A copy of a pre-designed lab is attached in case there is not enough time during the first few days to allow for student-designed labs

Student Discussion of Drop Bounce Lab:

The students should be allowed some time within their groups to get the data into table form, graph the data and discuss what it means. They can compare their graph with the graphs from other groups.

Drop Bounce Lab

Problem:

What is the relationship between the height from which a ball is dropped and the height to which it bounces?

Materials:

"Superball" or other balls, wall made of cinder blocks or bricks, (meter stick - optional)

Procedure:

1. The experiment should be done near a cinder block (or brick) wall so that the distances can be estimated to the nearest fourth (1/4, 1/2, 3/4, 1) of a cinder block. Some time should be spent in the beginning to practice estimating distances this way.

2. Divide the activities so that one student drops the ball, one student watches the bounce and estimates the height to which it bounces, and one student records the data.

3. Drop a superball from various heights. The height to which the ball bounces is to be estimated as carefully as possible. Both the height of drop and the height of bounce should be recorded in data table A.

4. Drop the ball at least two times from each height with the average of the bounce heights used asthe final measurement. If there is too much variation in these two measurements, take a third measurement.

5. Drop the ball from at least six different heights beginning at about two blocks. Increase the height of drop by at least one block at a time until six or more drops have been completed.

6. Care must be taken in doing the estimations. Drop the ball from the line between cinder blocks/bricks to make the measurements more accurate.
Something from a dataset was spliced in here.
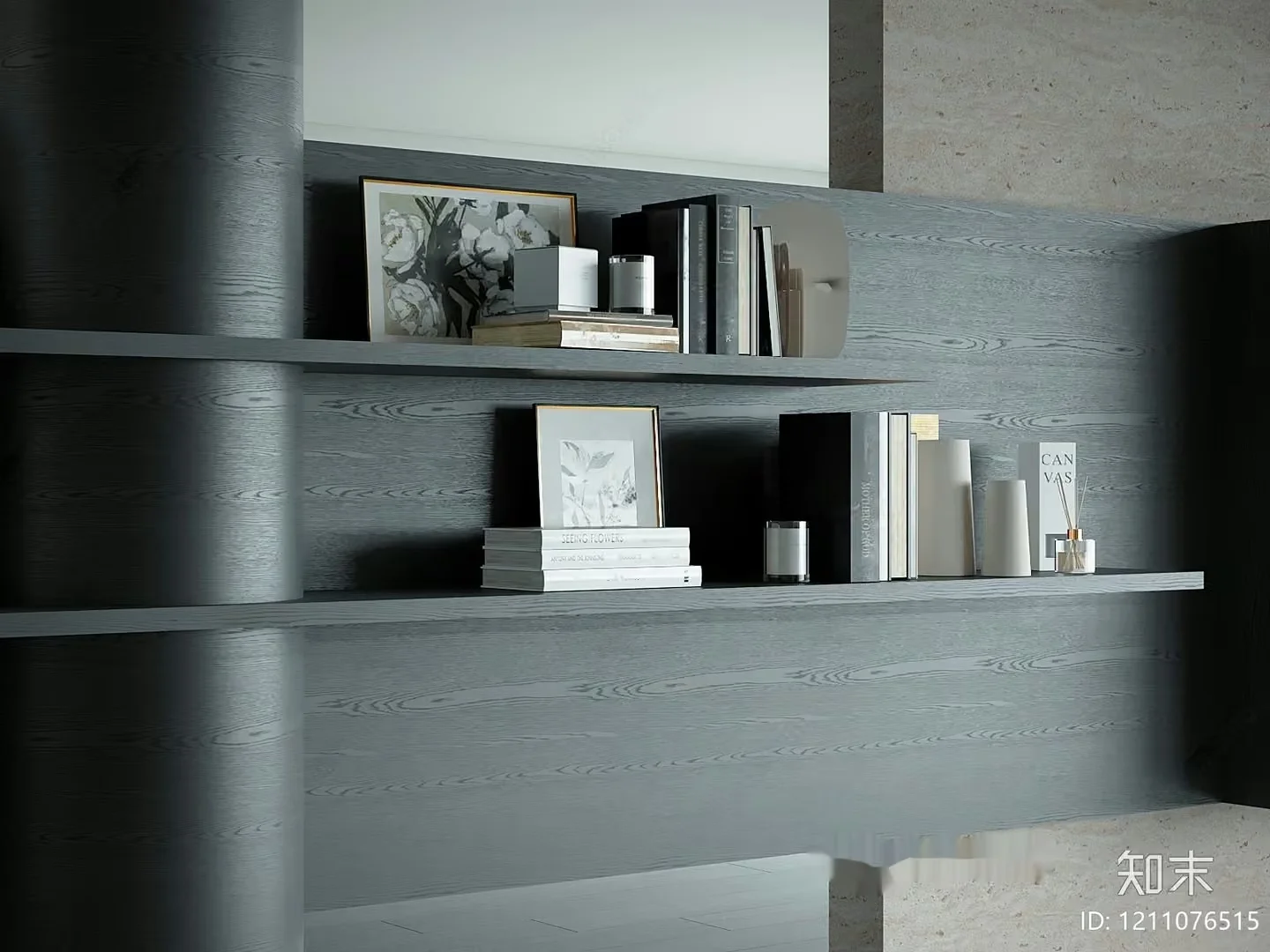 Wooden Bookshelf 3D Model – 11051 – VRAY Render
Use the same point on the ball (top) or (bottom) when judging both the height of the drop and the height of the bounce.

7. Draw a graph of bounce height Vs drop height.

8. Draw a best fit line for the data points. Note: This is NOT a line drawn to connect each point. It is a line which best shows the relationship involved - in this case a straight line.

9. Compute the slope of the best fit line. Note: This is NOT the slope between the first and last data points.

10. Write the equation for the graph using the slope-intercept form ( y = mx + b ). The line of the graph may not go through the origin as the bottom cinder block may be elevated above the floor.

11. Use the graph to predict the height of the bounce for a ball dropped half way between two drop heights. This is called interpolation. Record your prediction in data table B.

12. Use your graph to predict the height of the bounce for a ball dropped from twenty or thirty bricks high. This is called extrapolation. Record your prediction in data table B.

13. Test the predictions by dropping the ball from the chosen heights and measuring the bounce. Compare your predictions with the results from testing. Check with other groups and see if their results are similar to yours.

Summing Up:

1. Were your measurements that you took during the lab precise? Were they accurate? What's the difference? Describe how your measurements were or were not precise or accurate.

2. After reading over the information on sources of error from handout H012, identify all sources of error for the Drop Bounce Lab. List each and label it as one of the three types of error given in the handout. Then explain how each of the sources of error in the lab could be minimized

3. Identify the dependent and independent variables in this lab. Explain what the rule is for graphing independent versus dependent variables.

4. What happens to the bounce height as the drop height increases? What relationship does this suggest?

5. Calculate the bounce height for a 3.5 meter drop. First convert your units of brick/blocks to meters. (Show your conversion process)

6. How does your answer for the above compare with that of other groups? Is it larger, smaller the same?

7. If there is a difference, explain in detail what you believe accounts for the difference.

8. After you graphed your data you were asked to interpolate and extrapolate information from your graph. What do you conclude about the accuracy of information found from a graph by interpolating between data points and extrapolating beyond them? Explain your answer.